VeloClub is CyclingTips’ membership program which brings us closer to our members, and connects likeminded cycling enthusiasts.
by Mark Zalewski
November 8, 2016
In today’s CyclingTips Daily News Digest: Mareczko doubles wins at Tour of Taihu Lake; Van der Poel and De Boer dominate at Ruddervoorde; Nathan Haas on nerve damage, backing Cavendish and tussling with Sagan; Rubén Fernández extends with Movistar; Many riders still looking for contracts; Aaron Timmer Brown, liable for Kimmage Fund money, resurfaces; UCI and EUC heads push European Union to promote cycling infrastructure; Drama surrounding Portsmouth Tour de France bid; Alé Cipollini Galassia presents 2017 team; UCI Track World Cup highlights; Keagan Girdlestone continues road to recovery with first coffee shop ride.
With cycling contracts running with the calendar year, the end of the road is nearing for those still searching for ride next year, while others breathe a sigh of relief at a late offer. The folding of two WorldTour teams is also exacerbating the problem for some riders, with fewer spots possibly available.
Sergio Paulinho, who rode at the WorldTour level in support of Alberto Contador for ten years, will ride in the third division next season.
Two prime examples of this are Tinkoff’s Sergio Paulinho and Amets Txurruka (ORICA-BikeExchange).
Paulinho, a longtime teammate and support rider for Alberto Contador, is feeling the effects of one of the folding teams with Tinkoff. The 36-year-old has spent ten years at the top WorldTour level, but will move down to the lowest level next year with the Portuguese Efatel team, racing the UCI Continental level.

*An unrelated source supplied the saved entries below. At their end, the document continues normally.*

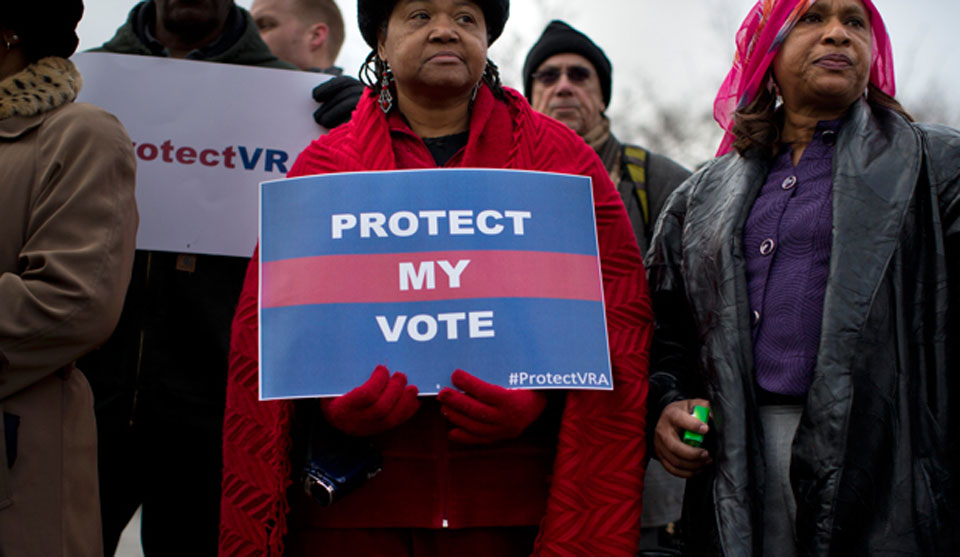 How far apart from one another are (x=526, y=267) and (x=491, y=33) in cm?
79

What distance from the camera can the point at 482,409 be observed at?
1977 mm

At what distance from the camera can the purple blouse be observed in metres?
2.09

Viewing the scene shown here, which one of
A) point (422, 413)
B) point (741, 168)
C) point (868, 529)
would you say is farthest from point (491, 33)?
point (868, 529)

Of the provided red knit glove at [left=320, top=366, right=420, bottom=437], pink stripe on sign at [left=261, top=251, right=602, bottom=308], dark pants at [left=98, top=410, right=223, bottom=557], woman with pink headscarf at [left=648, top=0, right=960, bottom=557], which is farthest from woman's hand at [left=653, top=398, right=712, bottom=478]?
dark pants at [left=98, top=410, right=223, bottom=557]

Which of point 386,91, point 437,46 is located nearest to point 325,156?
point 386,91

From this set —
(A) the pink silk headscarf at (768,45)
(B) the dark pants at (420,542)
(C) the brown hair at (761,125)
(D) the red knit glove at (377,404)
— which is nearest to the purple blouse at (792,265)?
(C) the brown hair at (761,125)

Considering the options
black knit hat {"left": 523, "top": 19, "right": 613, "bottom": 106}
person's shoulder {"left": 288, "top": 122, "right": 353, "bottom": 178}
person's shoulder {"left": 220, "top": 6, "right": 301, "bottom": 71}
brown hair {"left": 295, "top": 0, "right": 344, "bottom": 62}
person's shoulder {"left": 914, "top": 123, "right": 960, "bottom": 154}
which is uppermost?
brown hair {"left": 295, "top": 0, "right": 344, "bottom": 62}

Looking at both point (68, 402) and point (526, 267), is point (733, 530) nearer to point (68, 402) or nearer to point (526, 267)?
point (526, 267)

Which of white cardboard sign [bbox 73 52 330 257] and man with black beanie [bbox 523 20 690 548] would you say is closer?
white cardboard sign [bbox 73 52 330 257]

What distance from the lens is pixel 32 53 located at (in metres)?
2.37

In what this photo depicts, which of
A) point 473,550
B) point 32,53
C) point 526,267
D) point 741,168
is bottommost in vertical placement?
point 473,550

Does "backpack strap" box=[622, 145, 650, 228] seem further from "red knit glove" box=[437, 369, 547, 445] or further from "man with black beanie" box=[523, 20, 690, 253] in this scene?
"red knit glove" box=[437, 369, 547, 445]

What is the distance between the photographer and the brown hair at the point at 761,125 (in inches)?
95.4

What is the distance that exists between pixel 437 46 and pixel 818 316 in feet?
3.73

While a demotion to the third division will be quite a change, it is still better than no contract at all, as is the case with Txurruka. His team chose not to renew his contract and he has yet to land a new team for 2017.
“I was aware that this might have happened, since I only had a contract for one year, but I would have liked to have had another year to show what I was capable of,” he said. “They were happy with the work that I had done, but with the young Australians they have, like Power and Haig, they decided to go for other riders.”